Stead chaired the 2009 National Academy of Sciences report on the Electronic Health Record. Under his leadership Vanderbilt developed strong computer-based tools in support of research and education missions of the Medical School. Knowledge Map provides access to medical information from lectures and accessory information used in the academic and clinical courses. Andrew Spickard III leads many of the advances in educational support tools. A fast computer, IBM Nezza 1000 acquired in 2013 provides a flexible means of connecting genomic and clinical data bases in support of expanding personalized medicine initiatives. In 2013, John Lutz, an IBM systems expert from Canada, was hired to reorganize the cross campus-computing infrastructure.
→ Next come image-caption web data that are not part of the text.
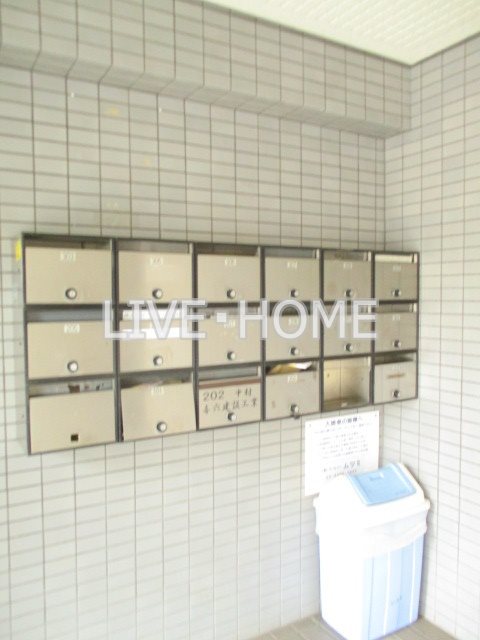 その他外観4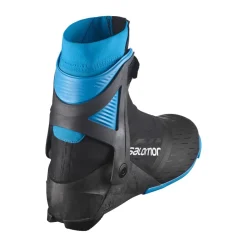 S/MAX Carbon Skate MV
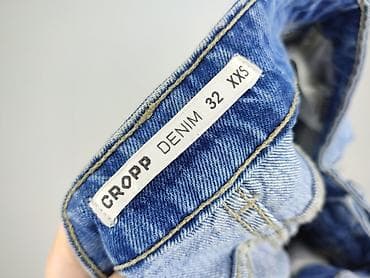 grace jeans mango: Jeansy damskie, rozmiar 2XS — 4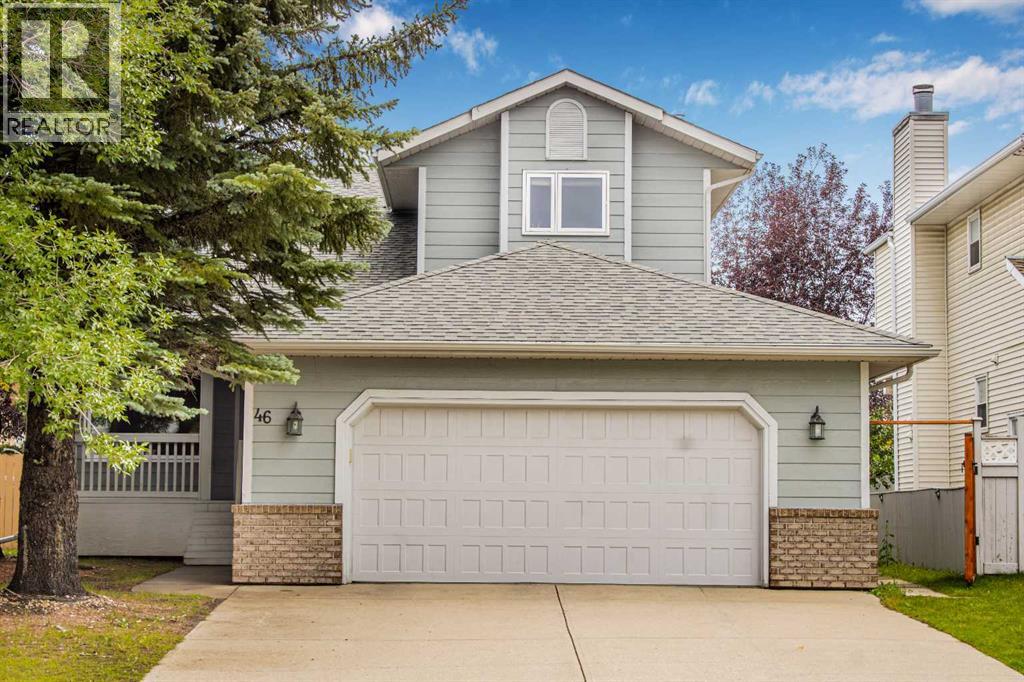 Property image for 46 Sun Harbour Road SE|Calgary, Alberta T2X3B1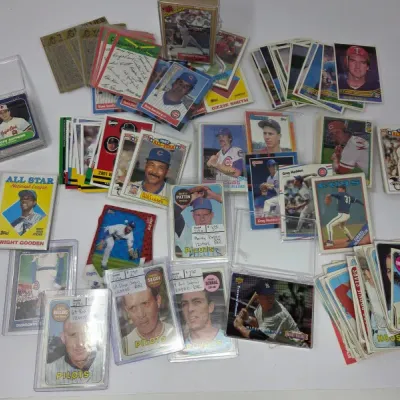 Sale Photo Thumbnail #14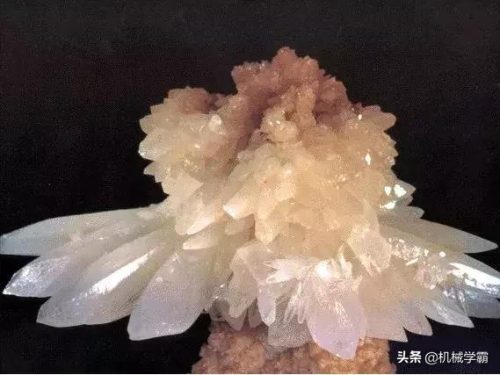 金属硬度排行榜(金属硬度测试)插图4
A senior physician/scientist, Blackford Middleton joined the Informatics team in Stead’s former role while Stead’s role was changed to Director of Strategic Planning. The Medical Center has received several important NIH grants to meet Affordable Care Act challenges, and the Medical Center is on target to meet many of the 2015. Hopefully, the success in the Stead days will continue as one attempts to meet the many remaining academic, technical and fiscal challenges.


→ Nuclear Medicine Computing Technology Sharing: We sought a means of collecting and disseminating computing codes from different nuclear medicine University and Industrial groups working to accelerate progress in the field. We learned that Alvin Weinberg, Director of Oak Ridge National Lab, created a series of Information Centers at ORNL, including the Radiation Shielding Information Center (RSIC). We contacted Betty Maskewitz at RSIC, and organized a meeting in Knoxville attended by nuclear medicine colleagues, including Henry Wagner, the Society of Nuclear Medicine (SNM) President. Henry had a keen interest in computing , as he and his Hopkins group were starting to use computers in nuclear medicine. At the meeting, he appointed Randy to Chair a new SNM Committee on Computer Applications. After the Knoxville meeting RSIC initiated a new Information Center, “Biomedical Computing Technology (BTIC) dedicated to the sharing of medical image processing codes. Over the subsequent years, they and Vanderbilt jointly sponsored annual meetings and many computer programs were collected and archived, and results of their use were presented at the annual meetings. In 1979 BCTIC lost its ORAU-based medical support, and BCTIC and its budget was transferred to Vanderbilt. Jon Erickson ran the program until 1983, when the program was discontinued as commercial computing systems had met many of the earlier goals.